Use quotes to make a point, not to tell the complete story, and to add information, not merely repeat it. Avoid using quotes to convey basic, factual information. Use them to show your conversation with sources, but not as a substitute for your analysis about what sources have told you. Especially in an investigation, it is important to use the exact words people gave you.
The exceptions are:
- > What someone has said is hard to understand, or holds them up to ridicule and does not add to the ‘flavour’ of speech.
- > Profanities and obscenities if your publication does not permit these.
- > Filler words like, ‘look’, ‘you know’, ‘I think’. They are unnecessary; they add nothing.
Attribute all quotes carefully and provide a source’s citation for anything you did not observe yourself. In an investigative story, you have to be even more careful than usual about attribution, because readers will judge the worth of your evidence partly by its source. Also make clear where a new speaker enters your story. If, for some reason, you cannot attribute, explain why: ‘The company would fire me if they knew I had shown you this,’ said the interviewee.

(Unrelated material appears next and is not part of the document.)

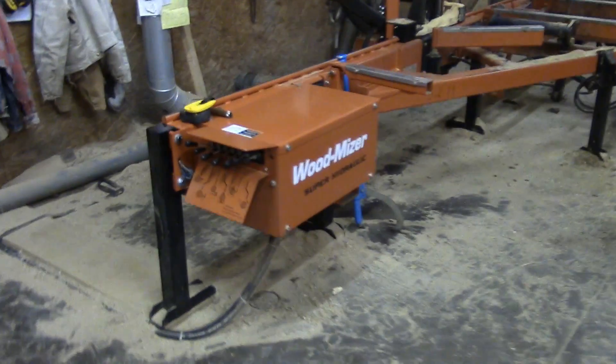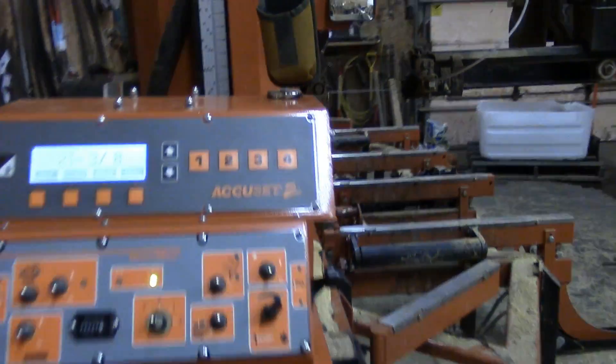Welcome to the Wood-Mizer Tips and Tricks. Today's tip: how to limit missed cell phone calls.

Keep in mind when using quotes to ensure that you select and introduce them properly:
- > The line preceding a quote should help the reader understand what is coming next.
- > Your introduction to the quote should build toward the same message.
- > Quotes add value; do not choose sources’ direct words that add nothing, and do not be repetitive
- > Stick with “he/she said” to describe speech. Other words (‘asserted’; ‘claimed’; ‘argued’) may add unnecessary spin, or (‘refuted’, ‘rebutted’) may be misunderstood by readers. Only when you are sure it is accurate can you use a term that adds flavour.
- > When you paraphrase, do not spin. Keep the sense and tone of the original source. If the spokesperson says ‘We do not have a budget,’ do not paraphrase into, ‘She said her company was not prepared to spend on this,’ which implies attitude, not merely the financial situation.